5,317 posts, read 3,231,480 times
Reputation: 8245
Quote:
Originally Posted by MN-Born-n-Raised View Post
I'm "peal-clutching" because your summaries are skewed and over-simplistic in one direction.
Translation: You disagree but for something you can't put your finger on.


Quote:
As in, a pseudo- bleeding heart.
Nope. I'm pointing out how harsh the job market is.


Quote:
Because if it is an amazing job (location, wages, benefits, interesting work, etc), then, a lot of people want it.
True. Few expect those right off the bat for recent grads and career changers.
But you gotta go through the "entry level" jobs - which except for sales and Mcjobs - all require experience and get the catch-22 - which you pretend does not exist because you're disagreeing with me on it.


Quote:
Generally, if you work your butt off towards your goal, great things happen to you.
Only if one gets past the catch-22.

Quote:
Who do you think ends up in the best programs for IT, engineering, business, etc? The motivated and better-planned students.
Motivated and better planned students who have no experience get hit by the catch-22.

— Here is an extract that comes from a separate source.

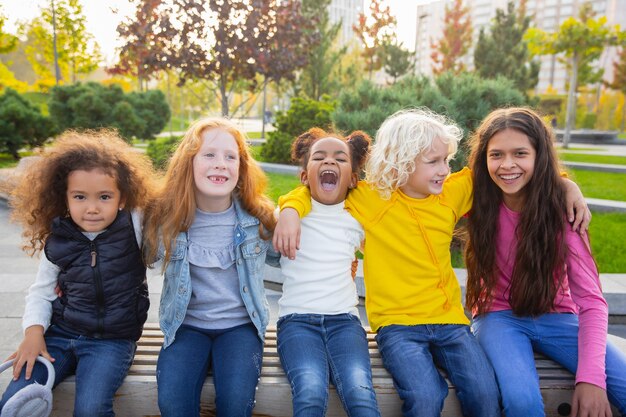 Calentar. Grupo interracial de niños, niñas y niños jugando juntos en el parque en verano.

Medicine has a 3 year internship at hospitals so no catch-22 there.

Quote:
It's why I keep on harping about placement rates.
Which I provided evidence they are not reliable.

But you want to believe what schools tell ya (after all they make money off of this) that's on you. I see their $$$$agenda$$$ which you ignore.


Want to become an accountant? Experience required.
Auditor? Experience required.
Project manager? Experience required.
Cybersecurity analyst entry level? Experience required.
Data scientist entry level? Experience required.
Pentester entry level? Experience required.

You don't see that. Nothing I can do.

The catch-22 makes it so the bottom rung of the ladder disappeared. Can't climb the ladder if the bottom rung is gone.